Kuzco from Sam is a pretty interesting project for running distributed inference. This is a guide trying to compile all the things I've offered to help people run their nodes.
Here's how to run Kuzco in Docker, a WSL2 image to use when running it in Windows, and some interesting tips and observations.

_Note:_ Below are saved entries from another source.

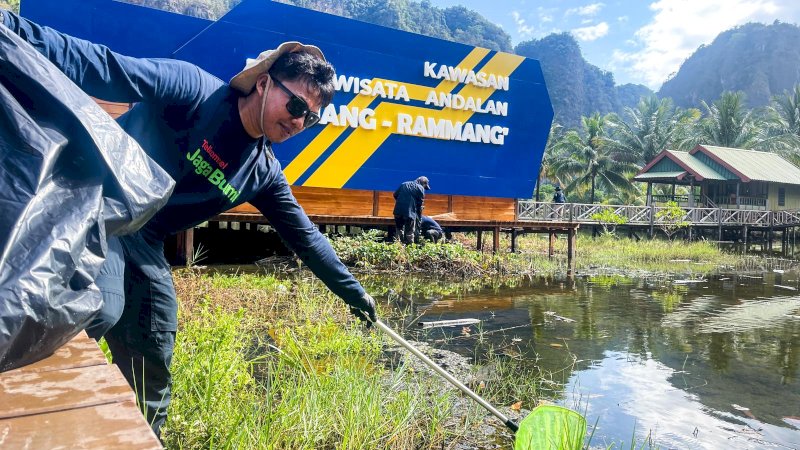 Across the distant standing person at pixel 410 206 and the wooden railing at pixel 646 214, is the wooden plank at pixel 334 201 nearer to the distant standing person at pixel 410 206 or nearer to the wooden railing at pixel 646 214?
the distant standing person at pixel 410 206

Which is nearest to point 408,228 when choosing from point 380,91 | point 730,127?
point 380,91

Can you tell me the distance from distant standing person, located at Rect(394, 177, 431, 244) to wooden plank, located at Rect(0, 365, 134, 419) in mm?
10392

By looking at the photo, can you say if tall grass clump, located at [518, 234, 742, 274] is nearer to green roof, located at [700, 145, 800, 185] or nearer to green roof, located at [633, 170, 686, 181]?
green roof, located at [633, 170, 686, 181]

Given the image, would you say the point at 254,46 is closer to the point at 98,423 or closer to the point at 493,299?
the point at 493,299

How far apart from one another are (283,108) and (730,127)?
145 feet

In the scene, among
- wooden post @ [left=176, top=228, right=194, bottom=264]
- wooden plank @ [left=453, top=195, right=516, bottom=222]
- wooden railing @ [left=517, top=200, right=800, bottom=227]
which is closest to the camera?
wooden post @ [left=176, top=228, right=194, bottom=264]

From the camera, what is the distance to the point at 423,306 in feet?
24.7

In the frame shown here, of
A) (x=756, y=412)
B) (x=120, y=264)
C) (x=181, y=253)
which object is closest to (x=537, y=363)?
(x=756, y=412)

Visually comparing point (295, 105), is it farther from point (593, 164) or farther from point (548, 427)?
point (593, 164)

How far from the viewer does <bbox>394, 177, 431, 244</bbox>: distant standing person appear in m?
11.4

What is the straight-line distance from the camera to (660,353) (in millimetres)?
5973

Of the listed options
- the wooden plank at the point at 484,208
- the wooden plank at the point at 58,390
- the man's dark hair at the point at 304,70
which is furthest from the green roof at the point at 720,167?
the wooden plank at the point at 58,390

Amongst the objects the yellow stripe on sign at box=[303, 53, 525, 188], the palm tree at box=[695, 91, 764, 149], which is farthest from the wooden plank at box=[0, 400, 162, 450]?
the palm tree at box=[695, 91, 764, 149]

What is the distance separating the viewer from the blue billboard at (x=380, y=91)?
10656mm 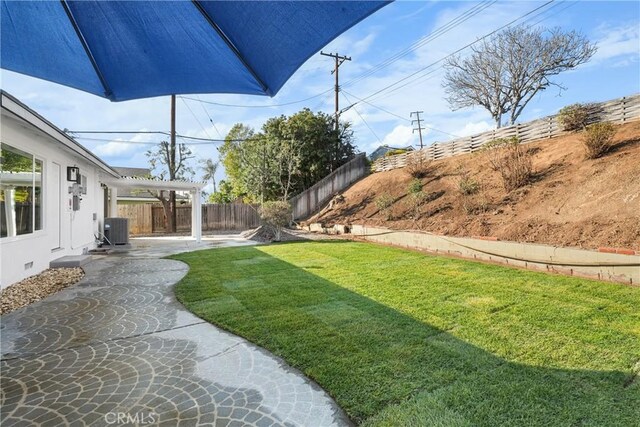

The Dockerfile and runner source code can be found in this repo.
WSL2 one-click image needs a little more prep, I'll post on Twitter when they're up.
This guide has only really been tested on Ubuntu 20 and 22, and on Nvidia GPUs. A100s are a known issue due to problems from Ollama and .so drivers.
Make sure you have the basics and your system is updated.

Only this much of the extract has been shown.